Push + Pull: Two Monitoring Models
Sustainable monitoring combines two approaches:
- Push-based (alerts come to you) -- Services that notify you when something new appears: a new breach containing your domain, a new CVE for a product you use, a mention of your organization in a security context. These require initial setup but then run continuously with no recurring effort.
- Pull-based (you go check periodically) -- Scheduled re-runs of the same queries from Modules 2-4: subdomain enumeration, Shodan/Censys checks, breach database lookups, vulnerability correlation. These catch changes that push-based alerts miss and provide a structured baseline comparison.
Neither approach is sufficient alone. Push alerts have gaps in coverage, and pull checks only find changes at the frequency you run them. Together they provide layered coverage.
Where Free Tools Hit Their Ceiling
The free-tool approach in this workshop replicates roughly 60-70% of what commercial Attack Surface Management (ASM) platforms provide. Products in this category -- Censys ASM, Shodan Enterprise Monitor, GreyNoise, Recorded Future, Digital Shadows/ReliaQuest, and others -- automate continuous asset discovery, automatic CVE correlation against discovered assets, breach feed aggregation, and personnel exposure monitoring. What you are doing manually across Modules 2-5, these platforms do continuously and at scale.

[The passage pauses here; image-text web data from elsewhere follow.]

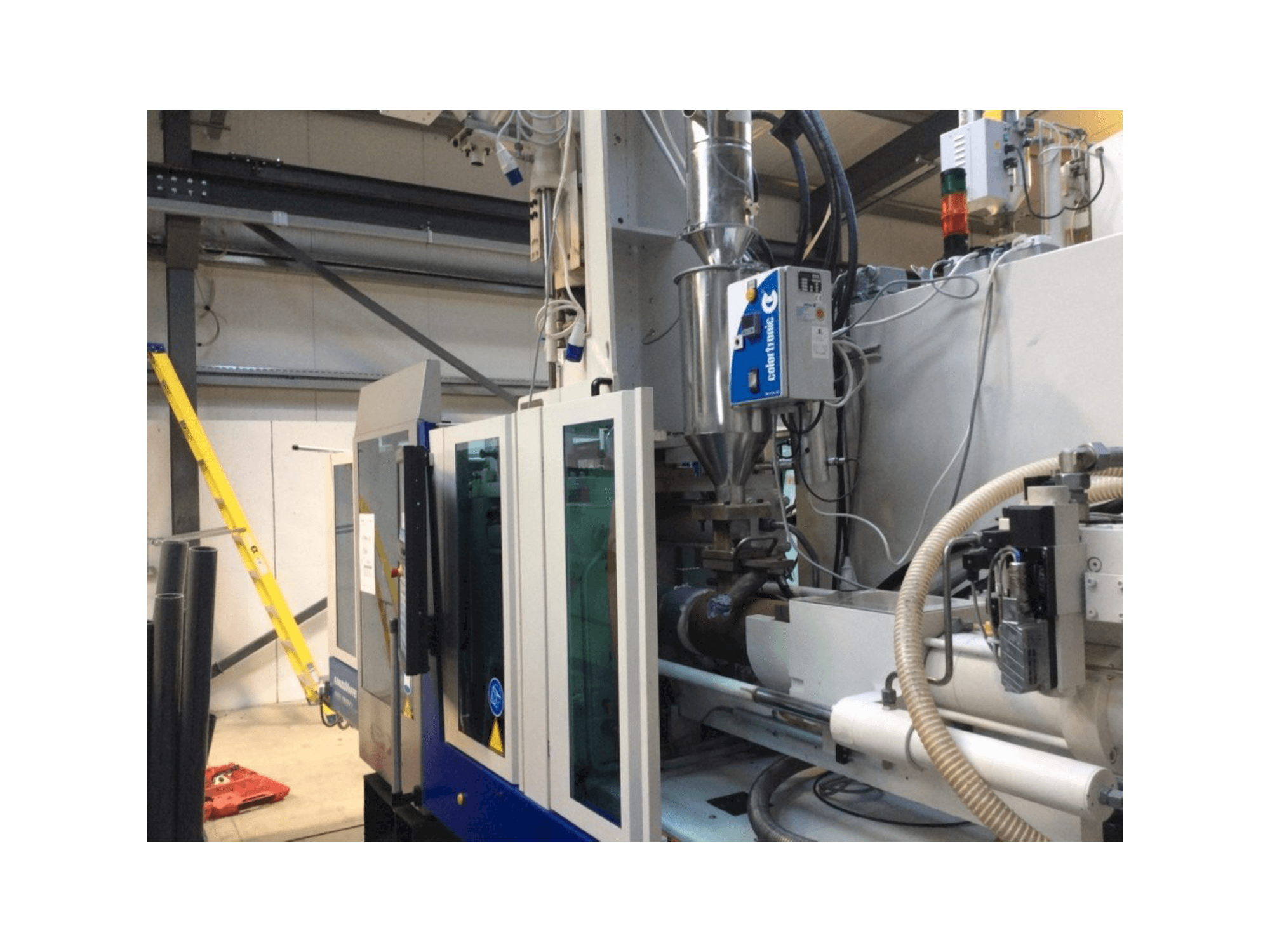 A Krauss Maffei 80-180-55 CX V gép elölnézete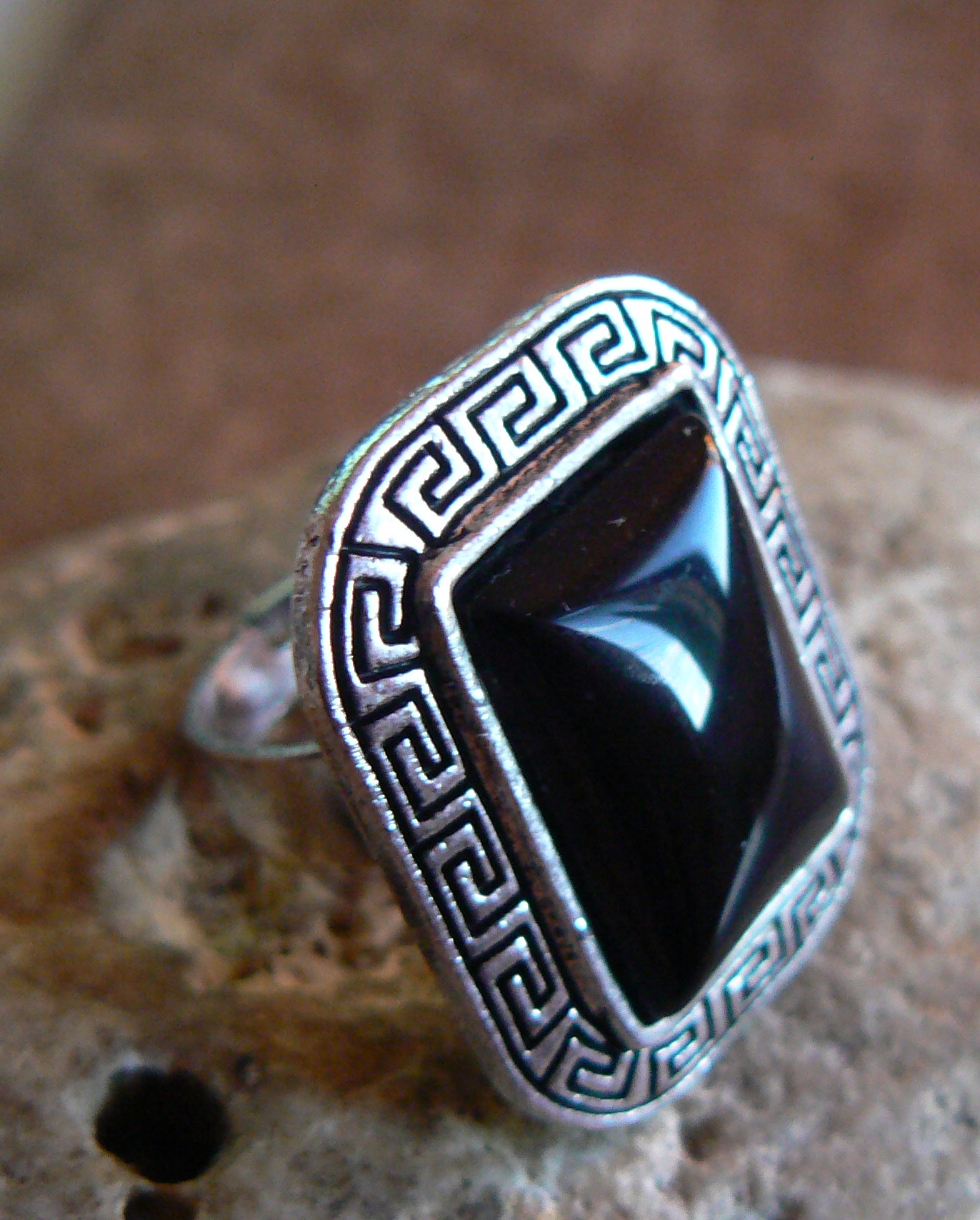 KRÁSNÝ ČERNÝ PRSTEN ONYX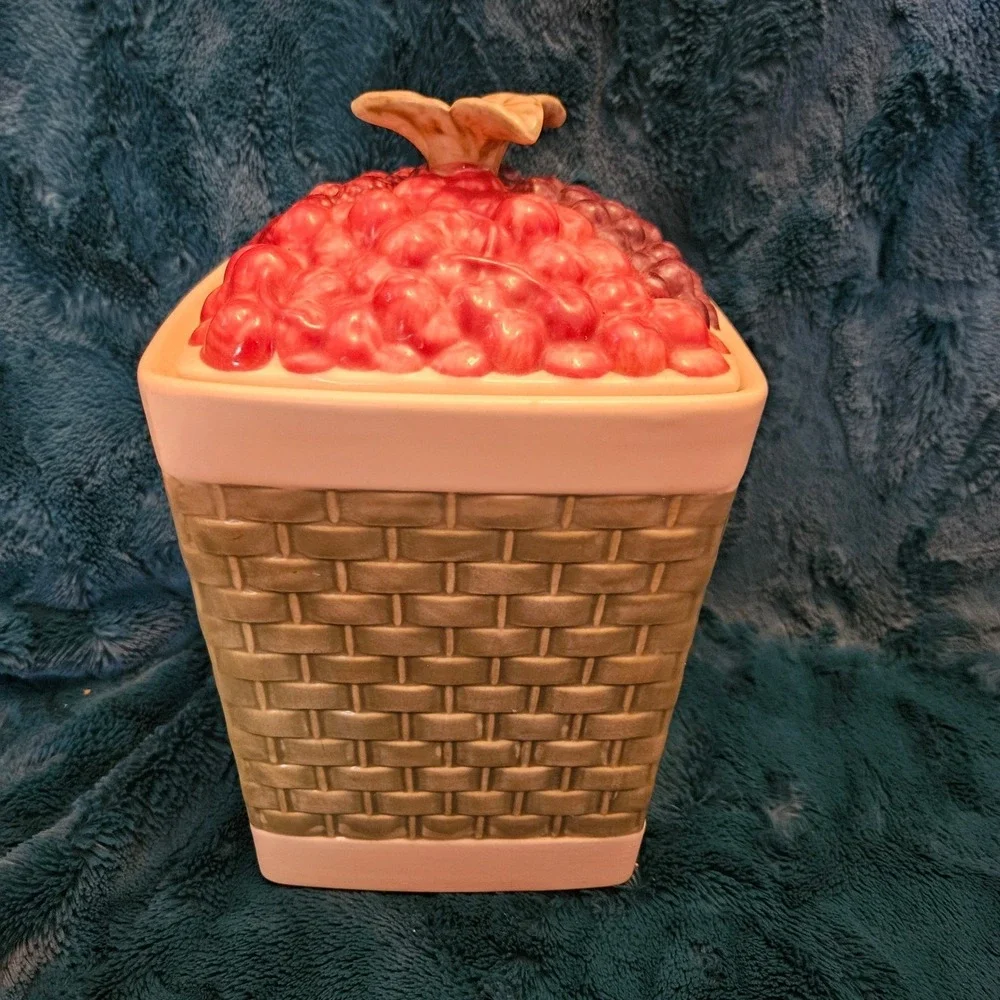 Vintage Pfaltzgraff Jamberry Large Square Canister w/ Berry Lid - Largest In Set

The tradeoff is cost versus analyst time. For small teams monitoring a handful of domains, the manual approach works well. When alert triage and pull-based checks are consuming more than 2-3 hours per week, a paid platform likely pays for itself in analyst time alone -- and provides coverage that manual checks cannot match. Treat this workshop as the foundation: you will know exactly what to evaluate and what questions to ask when that threshold arrives.
Pull-Based Checks
Pull-based monitoring means re-running the same discovery and correlation queries on a schedule. The value is in comparison to baseline -- not the raw results, but what has changed since your last check:
- Subdomain changes (Module 2) -- New subdomains appearing in certificate transparency logs or DNS enumeration. A new subdomain may indicate a new service, a development/staging environment, or shadow IT
- Exposure changes (Module 2) -- New ports or services appearing on Shodan/Censys for your IP ranges. Services that were internal-only may have been accidentally exposed
- New breach appearances (Module 3) -- Personnel email addresses appearing in newly disclosed breaches. Breaches are disclosed continuously; a weekly HIBP check catches new exposure
- New CVEs (Module 4) -- New vulnerabilities disclosed for products in your asset inventory. Check NVD, CISA KEV, and vendor PSIRTs for your specific products and versions
- Personnel changes (Module 3) -- Leadership changes, new hires in key roles, departures. Role changes affect your tier assignments and monitoring priorities
Push-Based Alert Sources
Push-based services run continuously once configured. These complement your pull-based schedule by alerting you to changes between scheduled checks:
| Source | What It Monitors |
|---|---|
| Google Alerts | Web mentions of your organization combined with security keywords (breach, hack, vulnerability, SCADA) |
| Shodan Alerts | Changes to internet-exposed services on your IP ranges (free tier: up to 16 IPs) |
| crt.sh / Cert Spotter | New SSL/TLS certificates issued for your domains, indicating new subdomains or shadow IT |
| CISA ICS Advisories + KEV | New ICS advisories, KEV additions, and vendor-specific security alerts (email and RSS) |
| Vendor PSIRTs | New vulnerabilities for specific products in your asset inventory (see Module 4 vendor PSIRT table) |
| HaveIBeenPwned | New data breaches containing email addresses from your domain (requires domain verification) |
Configure any of these services that are not already active for your organization. The lab section below focuses on pull-based checks because those require structured practice to establish the baseline and schedule that make ongoing monitoring repeatable.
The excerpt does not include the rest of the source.